Look for single edits surrounded on both sides by equalities which can be shifted sideways to align the edit to a word boundary. e.g: The c<ins>at c</ins>ame. -> The <ins>cat </ins>came.

Args:

diffs: Array of diff tuples.

diff_commonOverlap(text1, text2)[source]

Determine if the suffix of one string is the prefix of another.

Args:

text1 First string. text2 Second string.

Returns:

The number of characters common to the end of the first string and the start of the second string.

diff_commonPrefix(text1, text2)[source]

Determine the common prefix of two strings.

Args:

text1: First string. text2: Second string.

Returns:

The number of characters common to the start of each string.

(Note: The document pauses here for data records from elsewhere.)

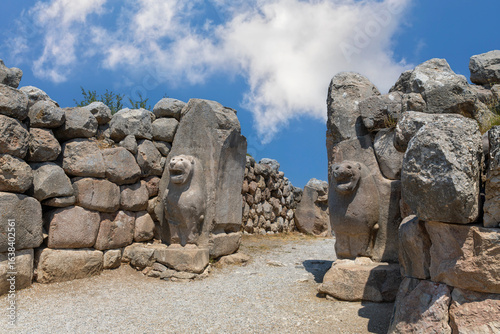 The Lion gate of Hattusa, the capital of the Hittite Empire, Bogazkale (Corum), Turkey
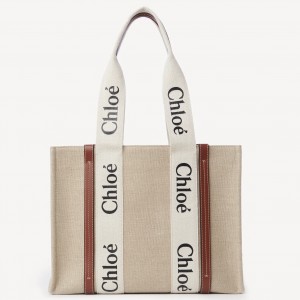 Chloe Woody Medium Tote Bag in Linen Canvas with Brown Leather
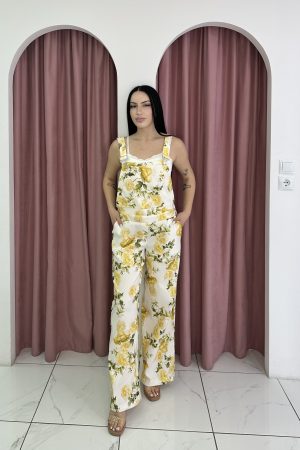Overall Yellow Flowers White Jumpsuit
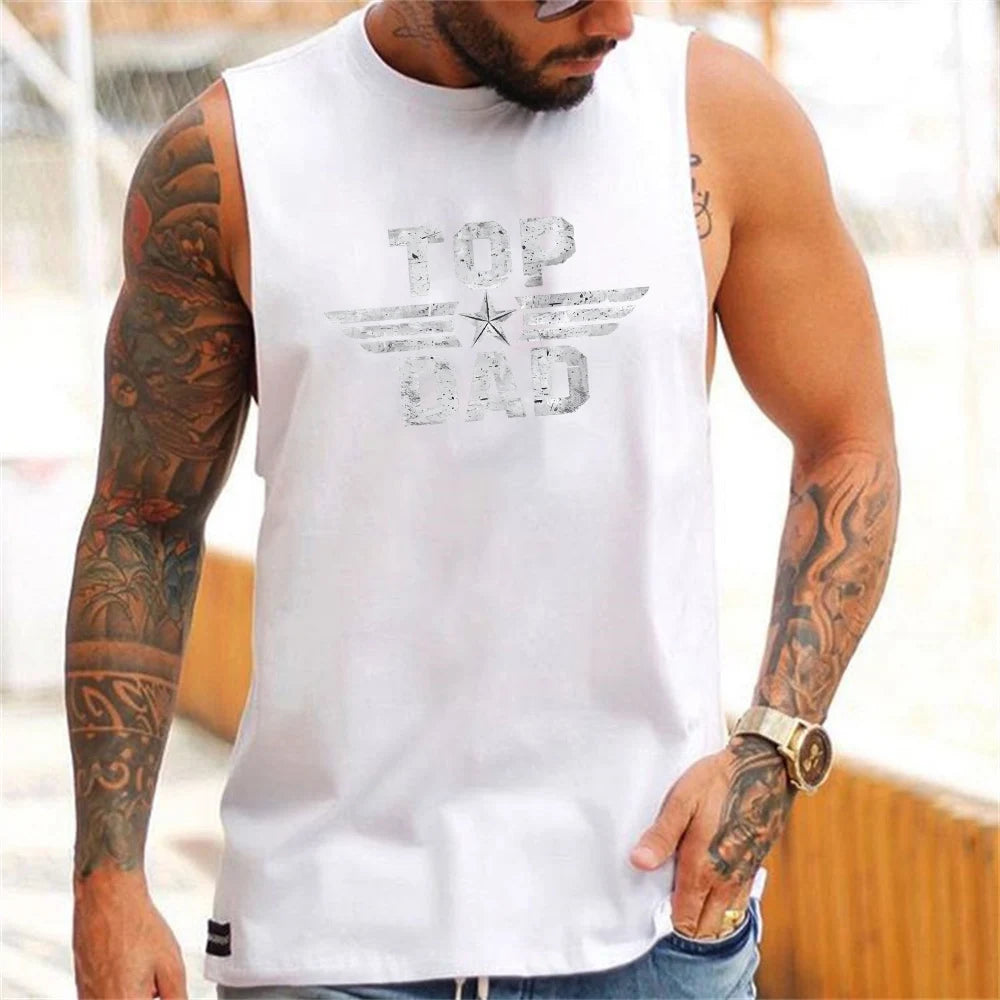 🏋️ Men’s Summer Sleeveless Tank Top,TOP DAD Print | Loose Fit | Comfortable & Breathable | Fitness & Leisure
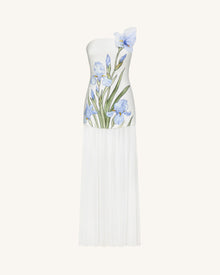 Floral Print Strapless Mixed Maxi Dress - Ivory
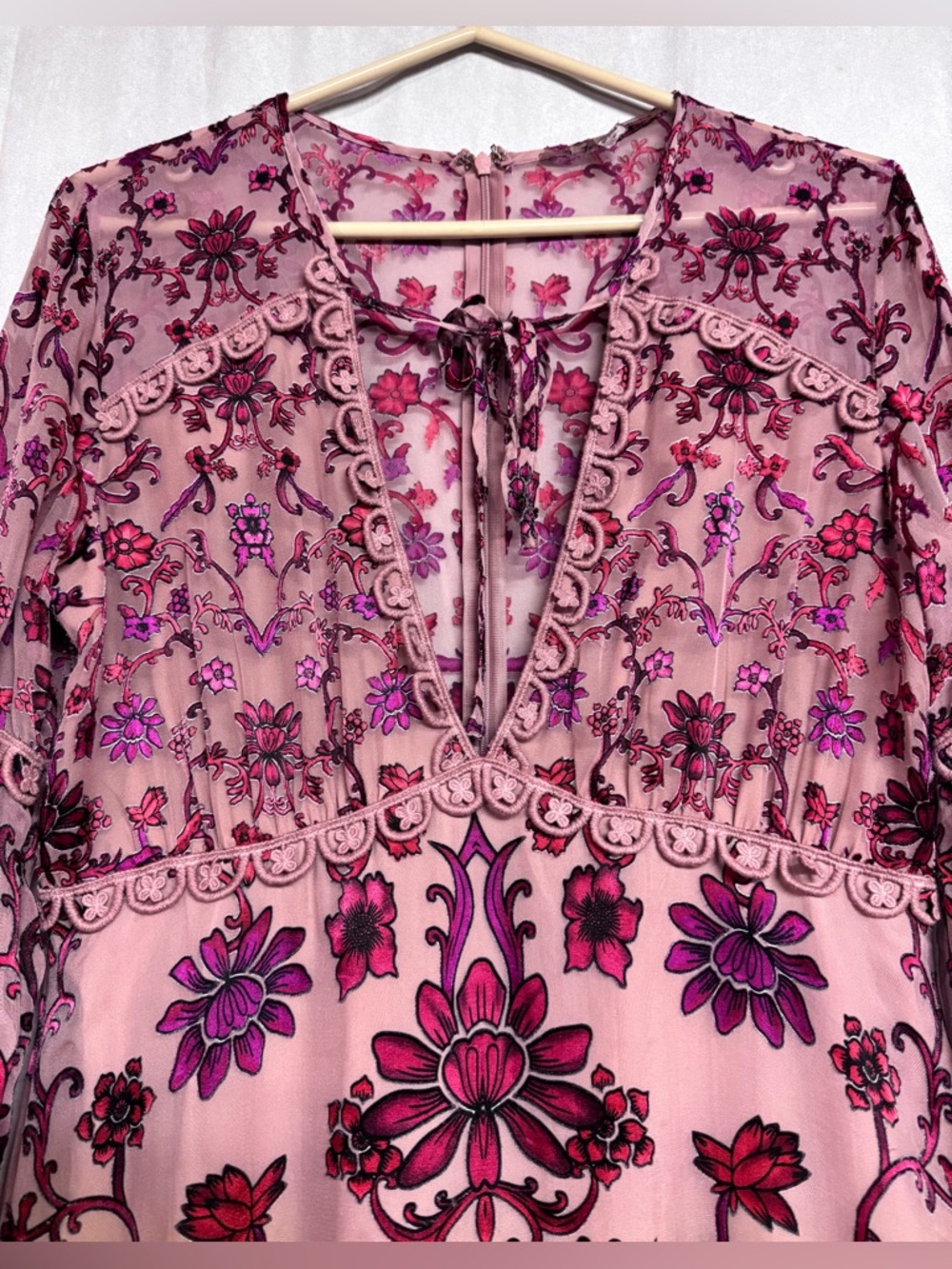 For Love and Lemon Saffron Mini Dress Silk Blend Size Large - Picture 6 of 7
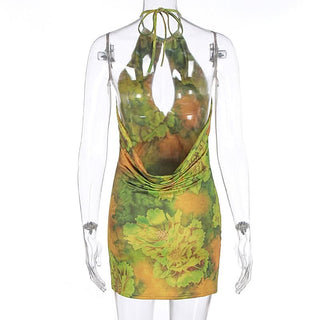Halter hollow out backless flower print cut out mini dress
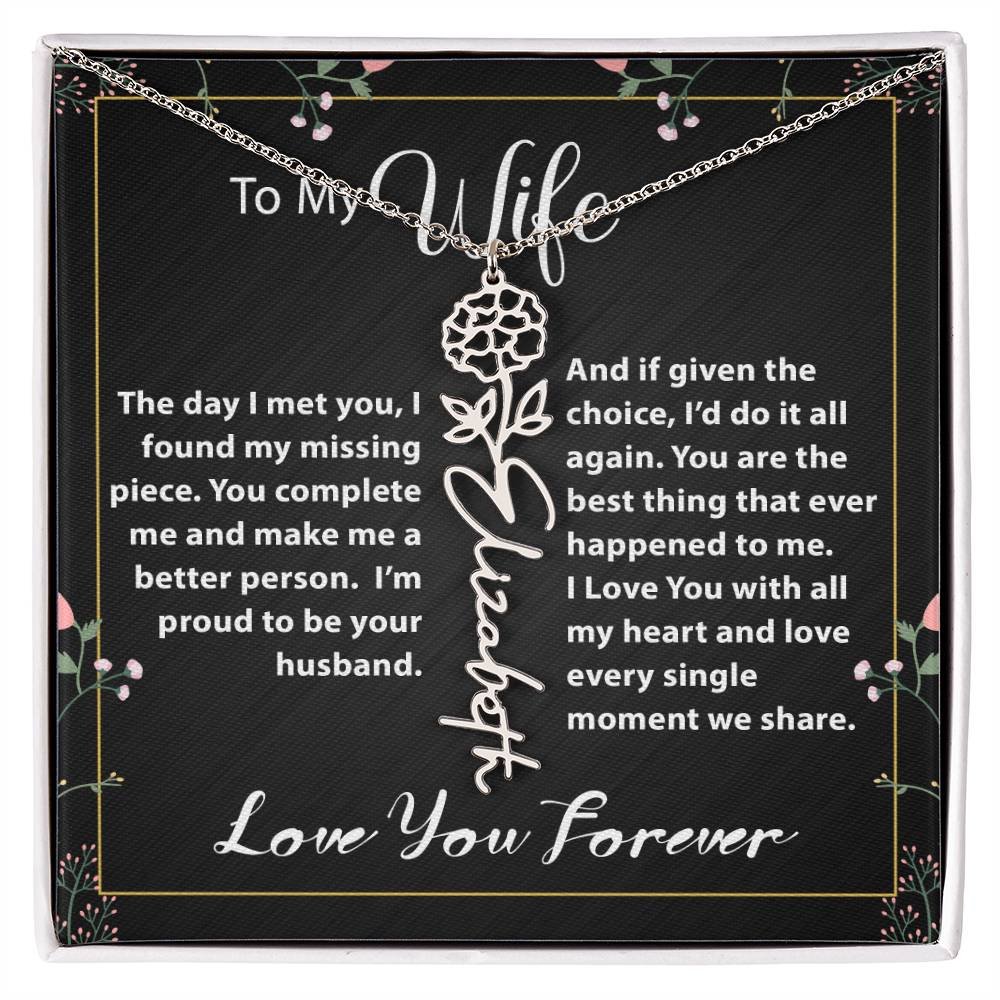 Custom Flower Name Necklace - Message Card Jewelry - Jewelry Inns
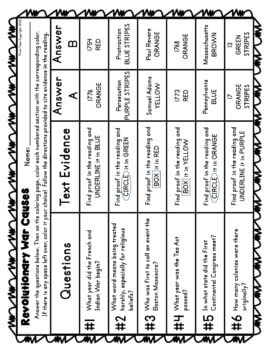 Revolutionary War Color by Number : American Revolution Activity - Image 3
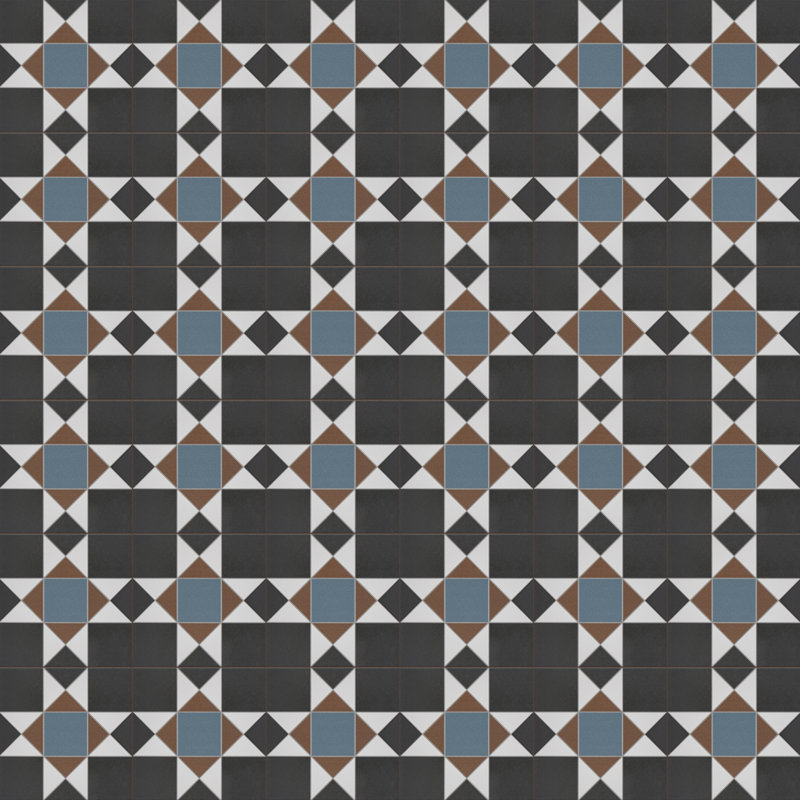 Vanity 13" x 13" Porcelain Patterned Wall & Floor Tile, Black/Blue/Beige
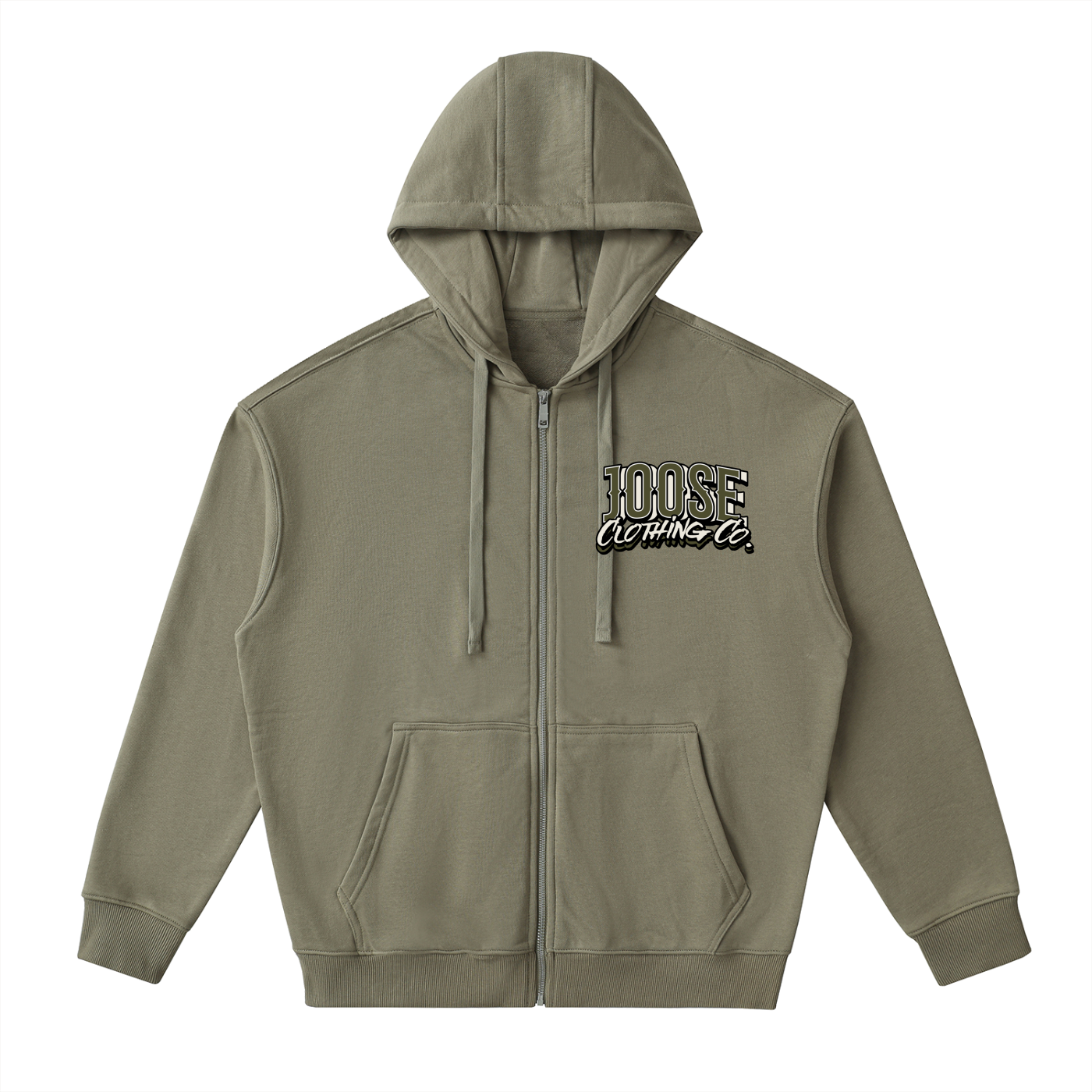 Drop-Shoulder Zip Up Hoodie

diff_commonSuffix(text1, text2)[source]

Determine the common suffix of two strings.

Args:

text1: First string. text2: Second string.

Returns:

The number of characters common to the end of each string.

diff_compute(text1, text2, checklines, deadline)[source]
Find the differences between two texts. Assumes that the texts do not

have any common prefix or suffix.

Args:

text1: Old string to be diffed. text2: New string to be diffed. checklines: Speedup flag. If false, then don’t run a line-level diff

first to identify the changed areas. If true, then run a faster, slightly less optimal diff.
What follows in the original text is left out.